1 2 3 4 | $ free -mw total used free shared buffers cache available Mem: 15885 478 14927 9 2 477 15230 Swap: 10239 0 10239 |
free命令会显示所有的空闲的、已经使用的物理内存和swap内存,包含内核使用的buffers和caches。信息来自/proc/meminfo 其中:
·total:全部的内存(/proc/meminfo中的MemTotal和SwapTotal)
重启后,系统几乎没有使用共享内存。477MB被cache了,14927MB是空闲的。
1 2 3 4 5 6 7 | $ /usr/ local /pgsql/bin/pg_ctl -D /usr/ local /pgsql/data -l logfile start waiting for server to start.... done server started $ free -mw total used free shared buffers cache available Mem: 15885 480 14853 72 2 549 15165 Swap: 10239 0 10239 |
启动postgresql实例后,几乎没有什么改变。因为linux采用的是lazy分配SHM的方式:shared buffers在使用的时候才会分配,因此这里只是增加了一点点。

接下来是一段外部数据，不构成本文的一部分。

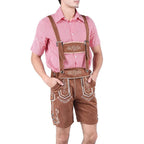 Lederhose Romeo - Oktoberfest 2025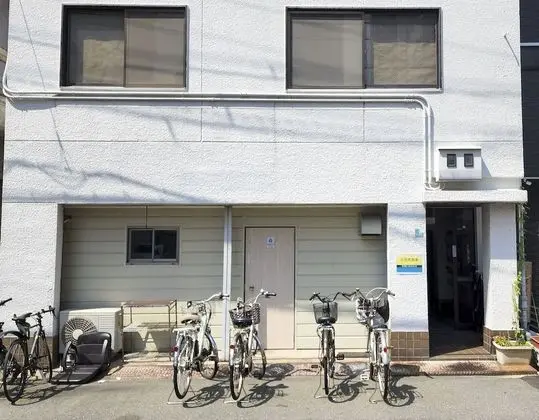 Sakimoto Residence Namba Minami III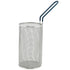 MPN SERIES- 18/8 Stainless Steel Mesh Pasta Boil Basket by Winco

1 2 3 4 5 6 7 8 9 10 11 | $ /usr/ local /pgsql/bin/psql postgres <<< " select pg_size_pretty(current_setting('block_size')::int*pg_prewarm('pgbench_accounts','buffer')); " pg_size_pretty ---------------- 820 MB (1 row) $ free -mw total used free shared buffers cache available Mem: 15885 479 13207 892 2 2196 14344 Swap: 10239 0 10239 $ |
在postgresql中,会在用户空间(userspace)分配一个共享段用于管理对页的并发写和频繁的读。但是与大多数RDBMS不同,这里没有进一步的优化,比如读的预取,写的重新排序。这意味着我们必须有足够的空间用于文件系统缓存。频繁读取的数据没有放入shared_buffers中,就需要从该共享段进行缓存。这就是postgresql的双缓存,双缓存都被统计在free命令的"cache"部分。
为了更好的预测性能。必须要理解文件系统缓存。可以借助工具linux-ftools。以下是linux-fincore获得的缓存的文件的信息:
1 2 | $ linux-fincore -s $(find /usr/ local /pgsql/data/base -type f) | grep ^total total cached size : 860,930,048 |
这里是821MB。不幸的是,你需要传递文件列表进行详细检查,所以这里只用了total。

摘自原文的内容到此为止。